◆ **Required work**: Nothing in the data should be altered when it is repeated in full.

Brief descriptive captions
▼▼▼
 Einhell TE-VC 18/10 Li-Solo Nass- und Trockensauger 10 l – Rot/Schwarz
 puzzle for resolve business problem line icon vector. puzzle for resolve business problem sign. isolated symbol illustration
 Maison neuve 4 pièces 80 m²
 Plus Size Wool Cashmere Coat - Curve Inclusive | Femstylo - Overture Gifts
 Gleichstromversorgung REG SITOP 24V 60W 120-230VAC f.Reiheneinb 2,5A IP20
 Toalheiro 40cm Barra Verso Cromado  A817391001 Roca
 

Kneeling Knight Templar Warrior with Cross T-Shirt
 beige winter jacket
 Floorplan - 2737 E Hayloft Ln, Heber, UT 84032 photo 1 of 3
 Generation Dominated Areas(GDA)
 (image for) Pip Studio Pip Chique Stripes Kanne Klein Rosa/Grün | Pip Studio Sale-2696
▲▲▲
◆ **Task output**:
 Einhell TE-VC 18/10 Li-Solo Nass- und Trockensauger 10 l – Rot/Schwarz
 puzzle for resolve business problem line icon vector. puzzle for resolve business problem sign. isolated symbol illustration
 Maison neuve 4 pièces 80 m²
 Plus Size Wool Cashmere Coat - Curve Inclusive | Femstylo - Overture Gifts
 Gleichstromversorgung REG SITOP 24V 60W 120-230VAC f.Reiheneinb 2,5A IP20
 Toalheiro 40cm Barra Verso Cromado  A817391001 Roca
 

Kneeling Knight Templar Warrior with Cross T-Shirt
 beige winter jacket
 Floorplan - 2737 E Hayloft Ln, Heber, UT 84032 photo 1 of 3
 Generation Dominated Areas(GDA)
 (image for) Pip Studio Pip Chique Stripes Kanne Klein Rosa/Grün | Pip Studio Sale-2696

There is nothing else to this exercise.